We can’t control who we fall in love with, which makes the experience both exciting and completely illogical. That’s why falling in love with a friend or having a crush on them makes you feel like you’ve entered the Twilight Zone: you know you cared about them before you started having those feelings, you’ve always enjoyed spending time with them, you trust them, and they feel the same way about you. But still, you feel like something's changed. How can you know for sure that your friendship isn't just evolving, but that it's actually on the verge of becoming a completely different type of relationship? Well, there are signs that can tell you that what you and your friend have is turning into something else.

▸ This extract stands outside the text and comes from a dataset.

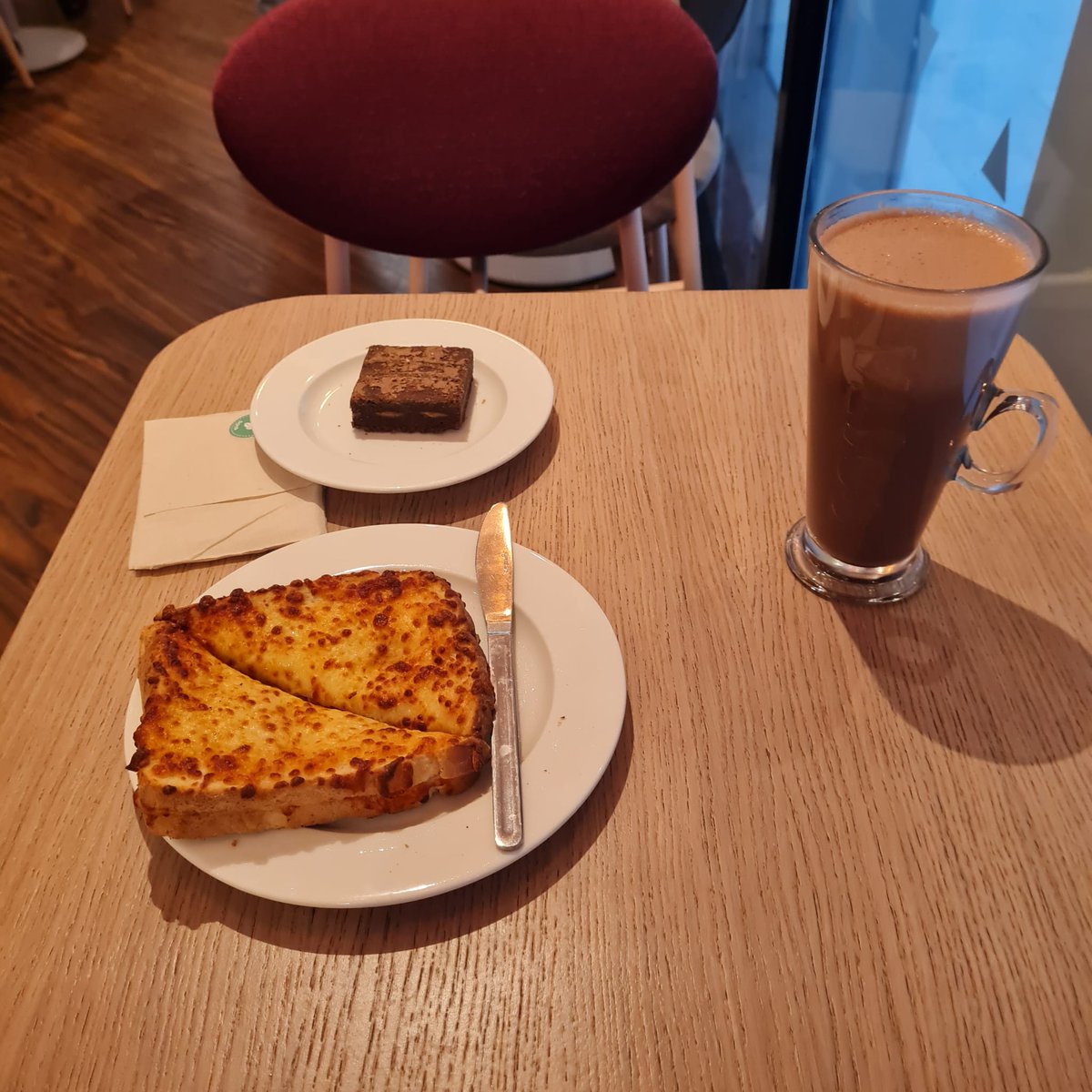 Hottestkat1's tweet photo. Thank you to the kind person who treated me to a costa voucher. Lunch today was a cheese and tomato toastie, soy milk hot chocolate and a caramel brownie.
Delicious! https://t.co/b77vTBmGFA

Your body language changes
Maybe you’re not expressing your feelings with words, but your body language definitely gives you away. The clearest signal is if you “accidentally” touch them more than usual. I mean, if your hands touch when you're walking, that's probably an accidental touch. But if those touches happen too often, or if they’re paired with you both mirroring your movements, a change in the way they look at you, or touching the other person when you’re talking, you can be sure you’re no longer see each other as friends.
You get jealous
Getting jealous isn’t really one of the best things about being in love, but it’s a natural reaction to seeing another person trying to flirt with your partner or your crush. This is particularly noticeable if your friend is in a relationship or they're dating someone. If you suddenly start getting jealous, that, my friend, is a sure signal that you’ve fallen for them. And of course, let’s not forget that it also happens the other way around: if your friend unexpectedly starts acting more protective than before, or is noticeably uncomfortable if someone tries to flirt with you, that means they no longer see you as a friend, but something more.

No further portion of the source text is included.